Souanin n’est pas l’enfant du pays qu’Istres célèbre comme le font tant d’autres territoires. Il en a été tout autrement. Souanin a rencontré Istres comme deux âmes peuvent se rencontrer sans signes avant-coureurs, sans raisons, sans pourquoi. Pour autant, cette rencontre a ouvert d’immenses possibles. Parce que c’était Istres. Parce que c’était Souanin.
Souanin a fait donation d’une partie de son oeuvre à la Ville d’Istres et la Ville a commencé à montrer son travail à partir de 2013, année charnière de la Capitale Européenne de la Culture. Depuis lors, la boîte est ouverte, non pas comme celle de Pandore répandant ses maux, mais au contraire comme le terrier du lapin d’Alice au Pays des Merveilles. Depuis lors, les pièces s’assemblent comme un puzzle immense sans bords, chaque peinture, chaque sculpture, chaque dessin déterminant un nouveau motif, comme un mandala en expansion permanente. Tout y est cohérent. Souanin n’a pas expérimenté au sens contemporain, elle n’a pas joué de manière vaine ou formelle avec les matériaux et les supports, elle n’a recherché ni la mode, ni la validation de la tendance. Elle n’a pas non plus enfermé son oeuvre dans la recette ou la redondance, elle n’a jamais cherché à faire Souanin.
Voilà donc où nous en sommes : nous découvrons une oeuvre immense qui n’a jamais cherché les deux facilités qui font le succès : la mode et la recette.
Mais dès lors : où étions-nous ? Chercheurs, intellectuels, historiens, institutions. Sans cette rencontre avec Istres, sans cet acte de Souanin autorisant le monde à disposer de son oeuvre, elle nous aurait peut-être échappé.

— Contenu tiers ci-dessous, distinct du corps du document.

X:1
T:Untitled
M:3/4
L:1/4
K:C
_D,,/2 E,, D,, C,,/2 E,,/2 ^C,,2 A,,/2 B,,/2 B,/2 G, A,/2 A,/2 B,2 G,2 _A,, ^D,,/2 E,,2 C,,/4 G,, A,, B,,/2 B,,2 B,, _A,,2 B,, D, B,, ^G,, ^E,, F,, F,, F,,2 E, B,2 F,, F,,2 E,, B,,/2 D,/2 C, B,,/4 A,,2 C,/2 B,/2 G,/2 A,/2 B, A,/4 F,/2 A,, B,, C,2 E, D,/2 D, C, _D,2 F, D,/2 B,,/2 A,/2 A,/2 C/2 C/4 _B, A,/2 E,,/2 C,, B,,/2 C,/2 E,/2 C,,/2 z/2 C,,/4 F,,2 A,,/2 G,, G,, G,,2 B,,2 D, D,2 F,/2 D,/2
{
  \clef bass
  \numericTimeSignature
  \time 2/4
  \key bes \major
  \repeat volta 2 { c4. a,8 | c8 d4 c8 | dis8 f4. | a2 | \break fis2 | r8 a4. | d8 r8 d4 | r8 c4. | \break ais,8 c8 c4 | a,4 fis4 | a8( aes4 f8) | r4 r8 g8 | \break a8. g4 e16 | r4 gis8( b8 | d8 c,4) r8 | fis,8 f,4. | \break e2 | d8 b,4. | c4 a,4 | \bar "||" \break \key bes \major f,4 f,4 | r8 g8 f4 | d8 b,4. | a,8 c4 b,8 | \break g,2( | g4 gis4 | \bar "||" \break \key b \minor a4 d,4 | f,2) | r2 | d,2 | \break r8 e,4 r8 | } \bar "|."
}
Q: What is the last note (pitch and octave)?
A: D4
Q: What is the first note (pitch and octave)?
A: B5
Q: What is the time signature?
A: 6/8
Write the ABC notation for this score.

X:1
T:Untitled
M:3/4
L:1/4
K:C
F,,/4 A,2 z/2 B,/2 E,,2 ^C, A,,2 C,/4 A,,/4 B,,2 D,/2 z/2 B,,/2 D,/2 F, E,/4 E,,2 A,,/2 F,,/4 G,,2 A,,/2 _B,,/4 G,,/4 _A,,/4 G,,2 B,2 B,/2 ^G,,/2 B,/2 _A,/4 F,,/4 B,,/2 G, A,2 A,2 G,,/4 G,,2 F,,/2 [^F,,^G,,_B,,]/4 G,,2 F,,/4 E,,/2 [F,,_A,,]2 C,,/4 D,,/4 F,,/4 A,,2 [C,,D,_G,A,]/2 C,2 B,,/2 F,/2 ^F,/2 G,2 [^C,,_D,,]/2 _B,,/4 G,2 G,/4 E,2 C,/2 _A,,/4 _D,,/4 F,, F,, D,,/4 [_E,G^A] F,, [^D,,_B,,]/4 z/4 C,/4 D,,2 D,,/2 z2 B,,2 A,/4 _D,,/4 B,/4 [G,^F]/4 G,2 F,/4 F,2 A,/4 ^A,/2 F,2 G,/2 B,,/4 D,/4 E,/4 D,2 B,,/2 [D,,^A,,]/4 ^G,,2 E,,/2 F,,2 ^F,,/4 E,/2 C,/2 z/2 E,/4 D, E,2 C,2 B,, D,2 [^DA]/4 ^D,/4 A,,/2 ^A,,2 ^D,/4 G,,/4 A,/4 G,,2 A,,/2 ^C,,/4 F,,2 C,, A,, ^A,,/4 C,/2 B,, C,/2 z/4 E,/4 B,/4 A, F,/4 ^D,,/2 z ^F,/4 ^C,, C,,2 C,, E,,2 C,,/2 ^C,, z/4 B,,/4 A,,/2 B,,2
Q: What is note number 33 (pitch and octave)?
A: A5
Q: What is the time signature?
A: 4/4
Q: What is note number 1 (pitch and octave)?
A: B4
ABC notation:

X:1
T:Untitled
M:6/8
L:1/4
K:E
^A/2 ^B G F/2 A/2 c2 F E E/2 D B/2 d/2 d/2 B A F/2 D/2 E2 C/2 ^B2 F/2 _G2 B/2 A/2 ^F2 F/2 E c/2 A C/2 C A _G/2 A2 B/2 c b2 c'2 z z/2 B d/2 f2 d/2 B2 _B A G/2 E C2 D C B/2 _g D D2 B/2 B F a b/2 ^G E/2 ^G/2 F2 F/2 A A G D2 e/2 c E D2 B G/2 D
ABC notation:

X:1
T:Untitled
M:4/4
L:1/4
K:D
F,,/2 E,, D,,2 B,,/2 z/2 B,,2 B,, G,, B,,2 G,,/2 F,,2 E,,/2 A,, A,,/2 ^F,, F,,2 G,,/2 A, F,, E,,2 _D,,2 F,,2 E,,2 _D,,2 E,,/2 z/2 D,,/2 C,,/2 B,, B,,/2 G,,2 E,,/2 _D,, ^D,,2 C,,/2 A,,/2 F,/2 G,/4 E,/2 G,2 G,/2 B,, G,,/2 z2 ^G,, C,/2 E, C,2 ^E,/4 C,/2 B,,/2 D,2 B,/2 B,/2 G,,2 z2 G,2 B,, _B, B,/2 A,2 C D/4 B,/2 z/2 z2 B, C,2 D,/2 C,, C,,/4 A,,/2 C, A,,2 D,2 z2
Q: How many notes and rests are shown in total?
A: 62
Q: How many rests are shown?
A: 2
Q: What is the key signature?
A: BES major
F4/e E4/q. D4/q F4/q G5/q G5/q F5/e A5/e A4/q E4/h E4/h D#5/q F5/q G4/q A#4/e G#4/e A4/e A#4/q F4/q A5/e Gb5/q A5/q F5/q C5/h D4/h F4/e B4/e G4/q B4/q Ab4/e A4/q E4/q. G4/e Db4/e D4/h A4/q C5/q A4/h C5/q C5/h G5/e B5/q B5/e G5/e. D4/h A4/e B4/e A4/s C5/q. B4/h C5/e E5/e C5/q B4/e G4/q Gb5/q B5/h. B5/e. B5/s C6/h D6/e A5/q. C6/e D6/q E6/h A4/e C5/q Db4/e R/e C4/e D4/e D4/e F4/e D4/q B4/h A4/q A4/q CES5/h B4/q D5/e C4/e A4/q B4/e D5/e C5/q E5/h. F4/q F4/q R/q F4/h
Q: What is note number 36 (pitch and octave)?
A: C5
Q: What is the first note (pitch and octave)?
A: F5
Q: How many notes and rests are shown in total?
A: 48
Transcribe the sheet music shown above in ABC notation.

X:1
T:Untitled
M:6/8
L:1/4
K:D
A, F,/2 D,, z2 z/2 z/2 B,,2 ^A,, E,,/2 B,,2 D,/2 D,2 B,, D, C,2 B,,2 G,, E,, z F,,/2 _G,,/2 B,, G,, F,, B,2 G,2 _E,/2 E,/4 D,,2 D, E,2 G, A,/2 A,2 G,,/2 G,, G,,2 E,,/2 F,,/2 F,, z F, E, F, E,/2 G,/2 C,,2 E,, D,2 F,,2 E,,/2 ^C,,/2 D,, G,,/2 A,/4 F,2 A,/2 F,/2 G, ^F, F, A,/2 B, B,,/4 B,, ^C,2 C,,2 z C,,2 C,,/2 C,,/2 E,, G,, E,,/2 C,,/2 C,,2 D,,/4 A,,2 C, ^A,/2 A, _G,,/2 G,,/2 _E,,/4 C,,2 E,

Souanin est en vie : non seulement elle nous ouvre accès à une production plastique, majeure, mais elle peut également répondre aux questions qui nous assaillent pour tenter d’aborder une oeuvre dont la force n’a que peu d’égales.
Souanin n’est pas un Frenhofer tournant autour d’une beauté dont il ne parvient à rendre qu’un maelström de sensations et de couleurs. Le personnage de Balzac finit par détruire son oeuvre et à se détruire lui-même là où Souanin a toujours construit, s’est toujours construite.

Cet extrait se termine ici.